Yardımcı roller: Tartışmayı hafifleten, takıma görevler veren, herkesin çalıştığından emin olan, katılma ve öğrenme fırsatına sahip öğrenciler.

Araştırmacı roller: Takımca ihtiyaç duyulan materyalleri araştıran ve bulan öğrenciler. Cesaretlendirici roller: Grup üyelerinin öğrenme sürecine katılımını güçlendiren öğrenciler. Zaman tutucu roller: Grup üyelerinin belirlenen görevleri tamamlamaları için zamanı kontrol eden öğrenciler.

Kaydedici roller: Grup tartışmalarında notlar alan ve yazılı bir sonuç hazırlayan öğrenciler. Kontrol edici roller: Grup üyelerinin her birinin ilgili kavramları ve grubun probleme ilişkin ulaştığı sonucu anladığından emin olan öğrenciler.

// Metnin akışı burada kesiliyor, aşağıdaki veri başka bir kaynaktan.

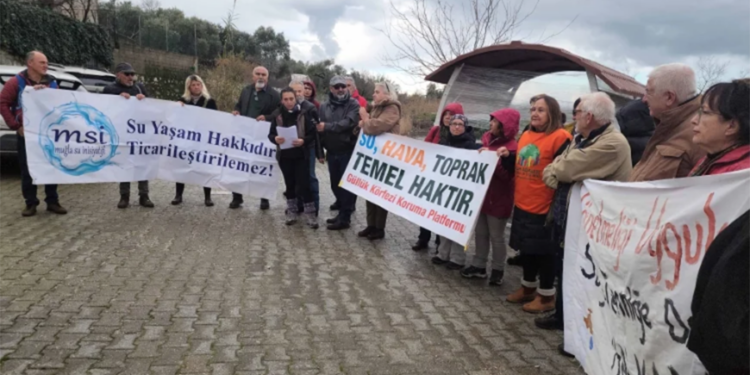 MUSKİ VE MUĞLA BÜYÜKŞEHİR BELEDİYESİNE BÜYÜK TEPKİ
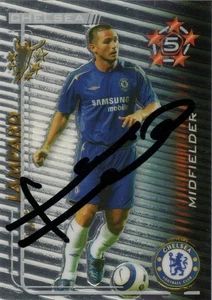 FRANK LAMPARD SIGNED CHELSEA 2005/2006 5* SHOOT OUT TRADING CARD+COA - Picture 1 of 1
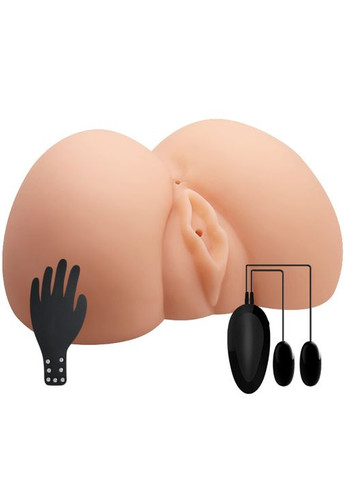 Мастурбатор жіноча попа, вагіна та анус з вібростимуляцією — Crazy Bull Judy Vagina And Ass DRIVE LyBaile (336946437)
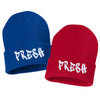fresh embroidered cuffed beanie hat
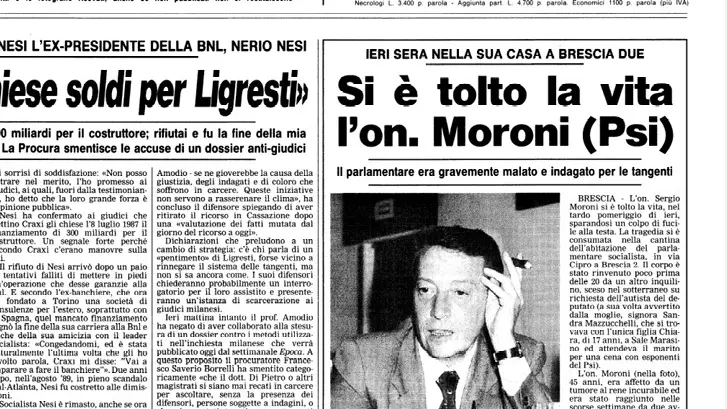 La prima pagina del GdB del 3 settembre 1992 © www.giornaledibrescia.it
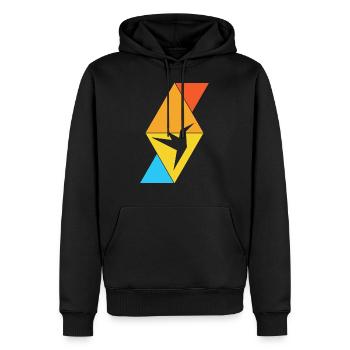 Colibri - Sweat à capuche Premium bio Homme - noir - Devant - Nico (187cm)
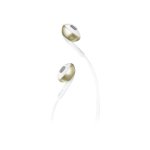 Jbl tune 205 - ecouteurs avec micro - intra - auriculaire - filaire - jack 3, 5mm - champagne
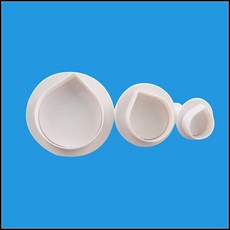 大祺百貨 水滴彈簧壓模 馬蹄蓮壓花模 翻糖餅乾壓模 烘焙裝飾工具 三件套裝, 1個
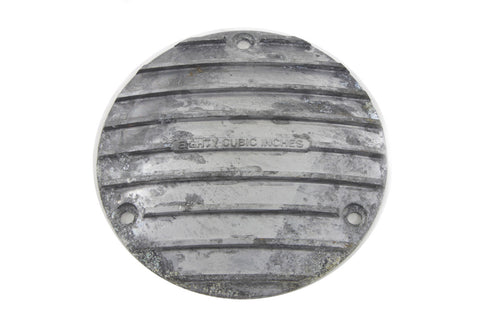 V-Twin 80 Natural Alloy Derby Cover - 42-1980
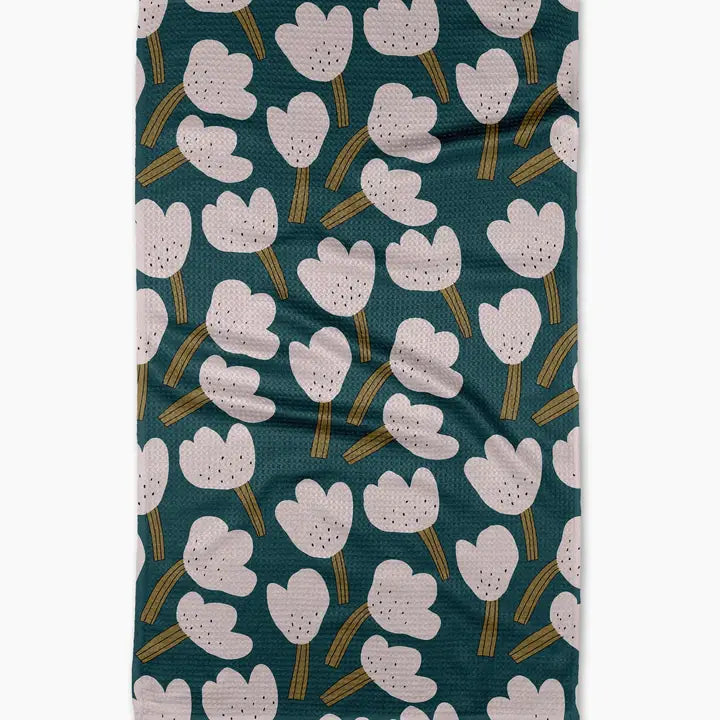 GEOMETRY TEA TOWEL - FLORALS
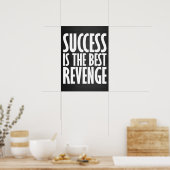 Succes is de beste opbrengst poster (Keuken)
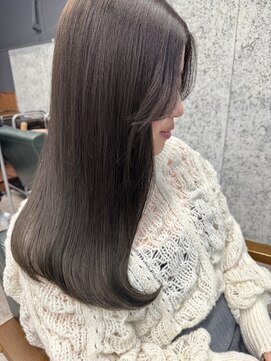 ロフティー 清澄白河(LOFTY) シンプルなのに洗練された透明感カラー／髪質改善トリートメント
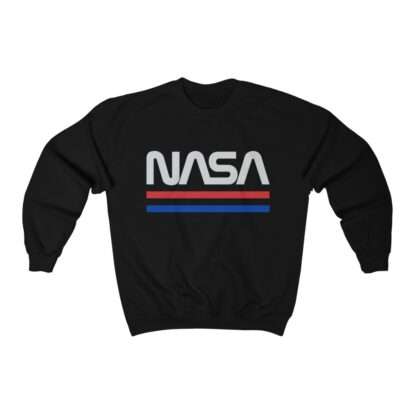 Retro style NASA unisex sweatshirt - black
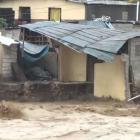 Hurricane Sandy On Haiti Destroyed Home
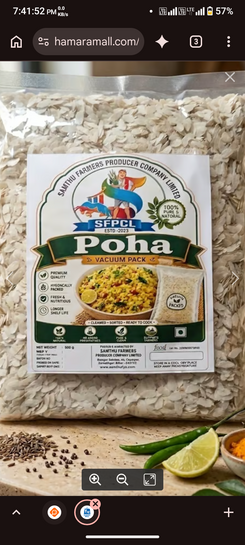 Farm Fresh Premium Poha (Flattened Rice) 500 gm @20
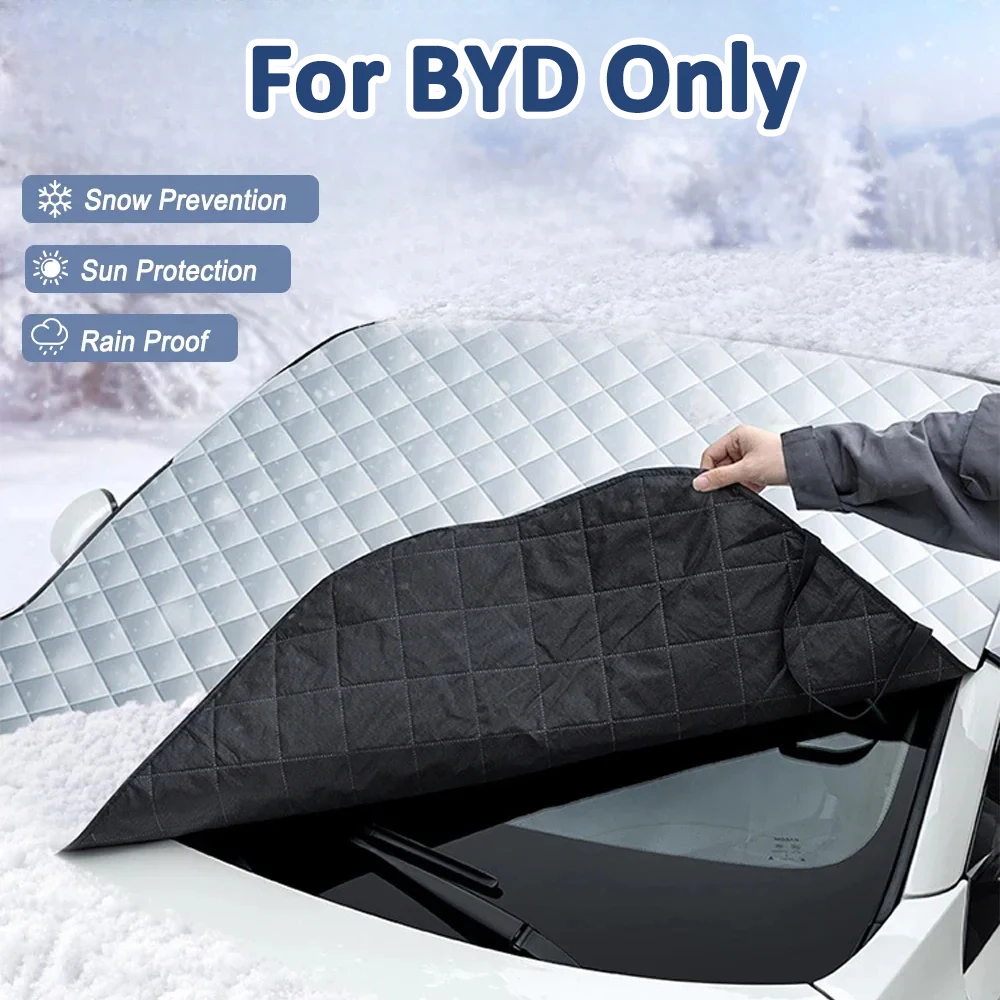 

For BYD Tang EV600 Han EV Yuan ATTO 3 Song PLUS Pro DMI Car Front Windshield Sunshade Prevention Snow Shield Waterproof Cover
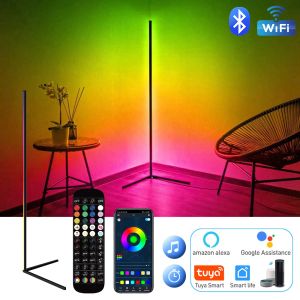 Vardagsrum Dimble RGB Corner Floor Lamp 140 cm Stand Smart App LED Mood Light For Bedroom Nordic Home Decor Interior Lighting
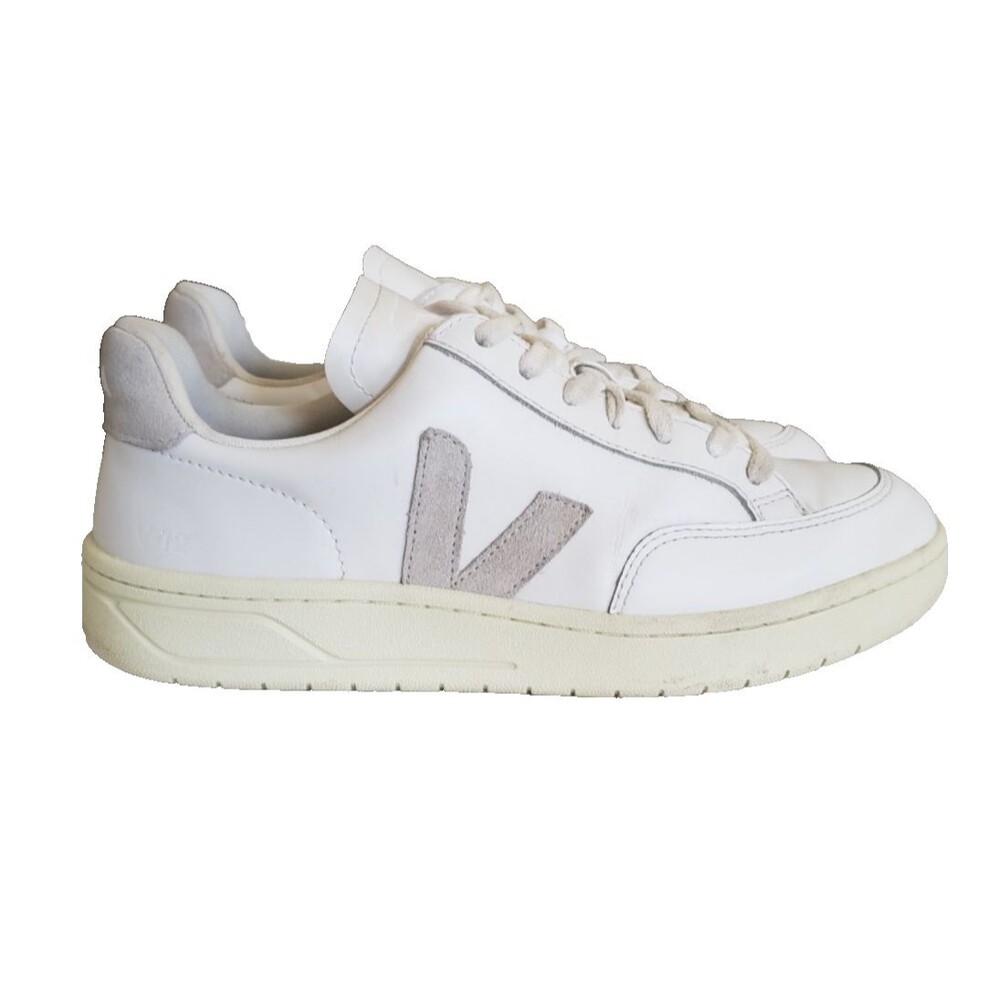 VEJA Campo ChromeFree Sneakers Women's Size 9 EU Sz 40 White Natural Leather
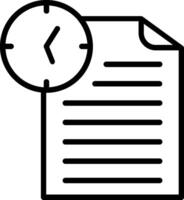 Document Line Icon Design vector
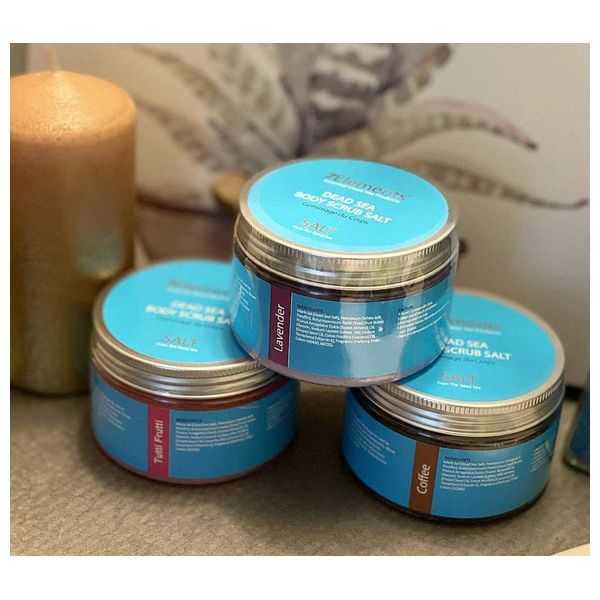  مقشر جسم 7 ايلمينتس بملح البحر الميت والقهوة 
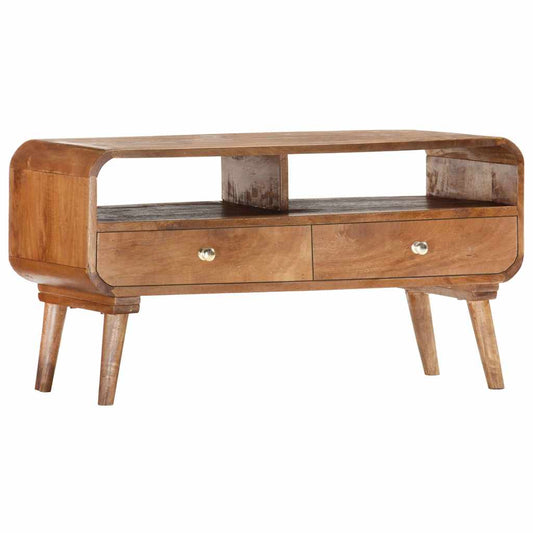 Tv-meubel 90x30x47 cm massief mangohout is nu te koop bij PeponiXL, paradijselijk wonen!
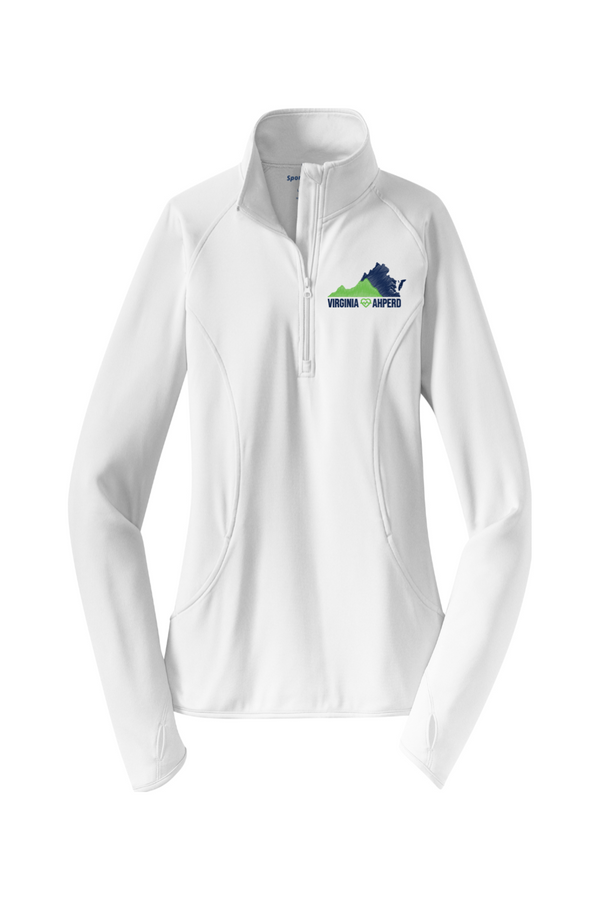 VA AHPERD: LADIES Sport-Wick Stretch 1/4-Zip Pullover (Embroidered)
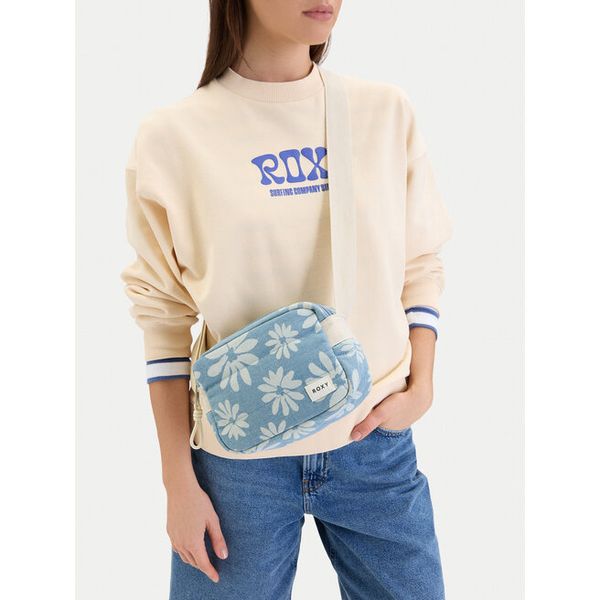 Torebka Roxy. Niebieskie listonoszki Roxy, bez wzorów, bez dodatków. Za 79,99 zł.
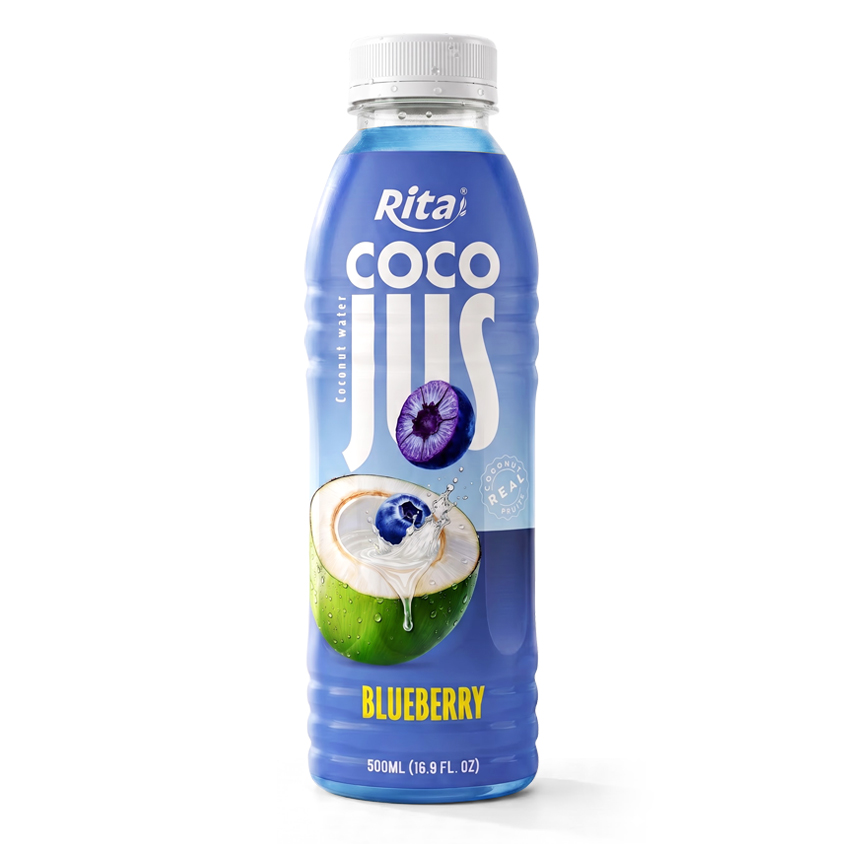 COCO JUS Agua de Coco Real con Zumo de Arándanos 500ml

Sonuç olarak geleneksel yaklaşımda bilgiyi pasif olarak alan bireyler olarak kabul edilen öğrenciler probleme dayalı öğrenmede bilgiye araştırarak ulaşabilen, bilgiyi sorgulayan bireyler olarak görülmektedir. Bu nedenle probleme dayalı öğrenmede öğrenciler kendi öğrenmeleri için daha büyük sorumluluk üstlenmektedirler. Öğrenci rolündeki bu değişim aynı zamanda geleneksel yaklaşımda yer alan öğretmen tarafından bilgi aktarımı şeklindeki öğretimi probleme dayalı öğrenmede azaltmaktadır (Yip, 2002). Bu nedenle probleme dayalı öğrenme ortamlarında öğretmenlerin de rolleri geleneksel yaklaşıma göre farklılık göstermektedir.